====== DATASET EXTRACT ======

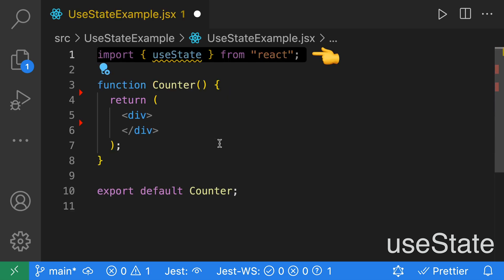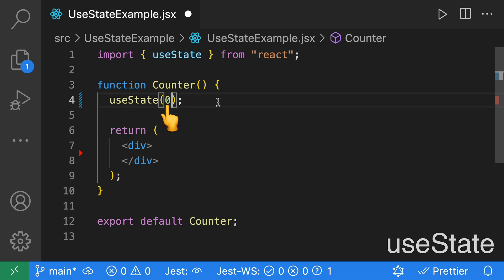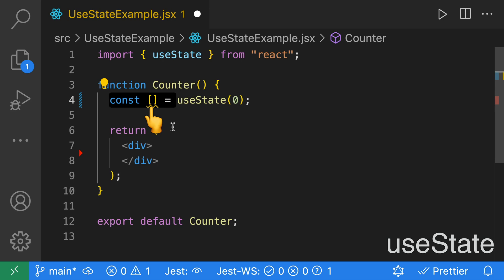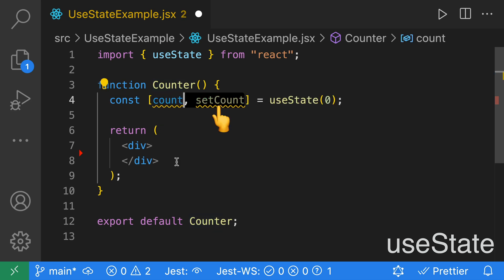To use useState, the first thing we're going to do is import useState from React. Then within our counter component, we're going to add useState. useState can take a default value — we're going to pass 0. From useState, we get an array, and from that array we can destructure two values: the first is our state, and the second is a function we can use to update that state.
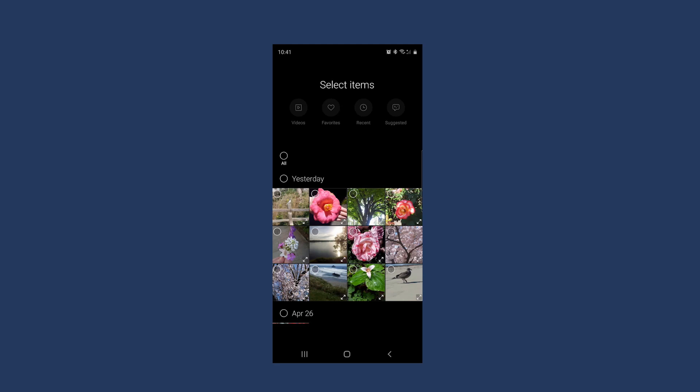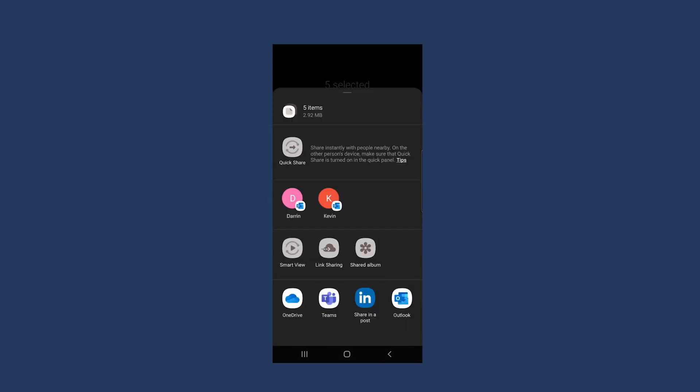Let's take a look and see how. We're going to open up the photos gallery on our phone, select the picture or pictures we want to share. I'm going to pick these five and click on the share icon. Now for Android, that's going to be at the bottom of the phone, and you should see that OneDrive is an option available.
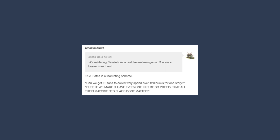Can we get FE fans to collectively spend over 120 bucks on one story come launch time? Sure, if we make it have everyone in it be so pretty that all their massive red flags don't matter! Except Hinoka, bless her goddamn heart.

======

- [ACTIVITY]
The answer should contain only the lines from the one with "Let's take a" through the last line of the material, given word for word and without pictures.

- [RESPONSE AREA]
Let's take a look and see how. We're going to open up the photos gallery on our phone, select the picture or pictures we want to share. I'm going to pick these five and click on the share icon. Now for Android, that's going to be at the bottom of the phone, and you should see that OneDrive is an option available.
Can we get FE fans to collectively spend over 120 bucks on one story come launch time? Sure, if we make it have everyone in it be so pretty that all their massive red flags don't matter! Except Hinoka, bless her goddamn heart.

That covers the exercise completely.